In order to truly decipher whether the term cracker is a racially charged slur or not we must first have a basic understanding of what makes a word a slur in the first place.


A pejorative or a slur, according to Dictionary.Com is defined as being “disparaging, derogatory, and belittling.”. This is the popular and more widely understood meaning of what a slur is, however this definition proves to be extremely lackluster and bare as it doesn’t touch base on the nuance and linguistic complexity that actually makes a slur, a slur.


Many people also tend to falsely [whether intentionally or not] hold the belief that a slur and an insult are the same exact thing. This is a popular misconception about slurs as it fails to recognize that insulting someone is a matter of causing someone to be offended, whereas offense is a subjective psychological state the concept of slurring doesn’t require any actual intended offending target or even the elicitation of a reaction whatsoever. Which is why the act of referring to someone as being a “loser” is different from referring to someone as being a “n*gger” since even though referring to someone as a loser is intended to solicit listeners to view said someone as being undesirable, damaged, or inferior, the act of referring to someone as a n*gger diffrentiants as being a slur due to the fact that it performs the function [whether intended to or not] of normalizing hateful attitudes towards various non-white groups as speakers have used the term to derogate African americans, Black Africans, East Indians, Arabs. And Polynesians (among others).


This also isn’t meant to suggest that the derogation accomplished by use of pejoratives are always highly destructive. Within the context of the act of referring to someone as being a “loser” you could also use it to playfully refer to a friend in a completely different context. The same can be applied to pejoratives like “n*gga” which is a term widely used by African americans today in a context that’s completely removed from the racialized violence and hatred the word originates from as it has been reclaimed and repurposed by the black community. This is a concept referred to as ‘Linguistic Reclamation’. You can also observe similar forms of linguistic reclamation done by the Lgbtq community as they reclaimed the word “queer” which was once originally used to derogate those who engaged in sexual behavior that was deemed “abnormal”. The term queer now has litlle derogatory force as a result of Lgbtq individuals appropriating the word.

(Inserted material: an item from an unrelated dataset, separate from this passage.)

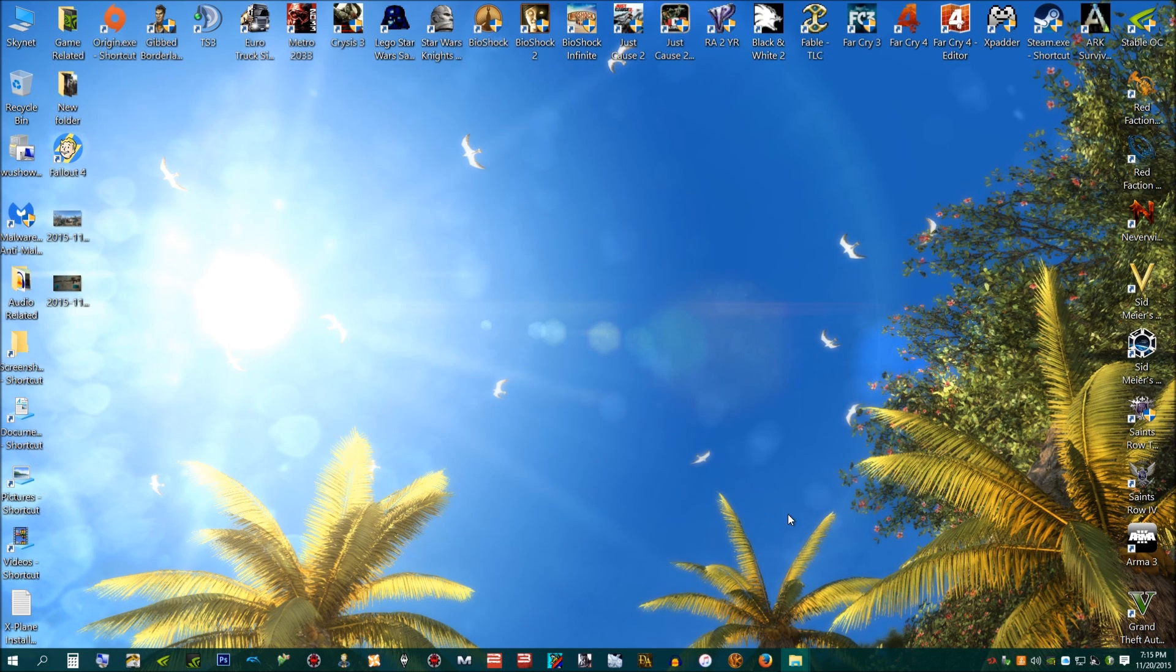Hello. Today I'm going to show you how to get Windows Movie Maker to actually work for Windows 10.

Now that I believe I’ve given a pretty detailed look as to what actually constitutes a slur being a slur we can finally get into the history on the origins of the word Cracker. How it was used in the past, how the way it’s used linguistically has changed, and if it’s truly a slur.

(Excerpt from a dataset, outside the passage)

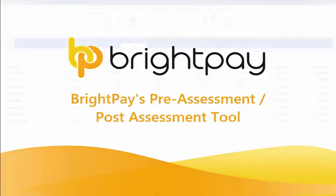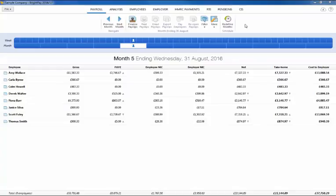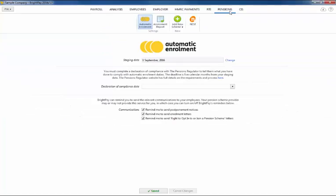Within BrightPay you will find an automatic enrolment assessment tool which will allow you to perform both a pre-staging and post-staging assessment of employees. This assessment tool can be found within the pension utility.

The origins of the word cracker originate from the period of the Antebellum South that at the times, it’s culture around plantation slavery produced a society that regulated poor landless whites to the fringe of society due to their economic position and lack of property.


During this period many southerners cherished a type of chivalric honor cultured: Which was propagated by the elite southern slave owners which emphasized the idea of paternalism, patriarchalism, social hierachy, and white supremacy. Most landless white southerners were unable to hold up to these standards so as a result they were often compared to enslaved black laborers and characterized in ways that blurred the lines of race and privilege.


Because these landless whites did not meet up to the elitist plantation owning whites understandings of whiteness, white supremacy ended up serving as their rhetorical tool for keeping non-slave holding whites loyal to slavery.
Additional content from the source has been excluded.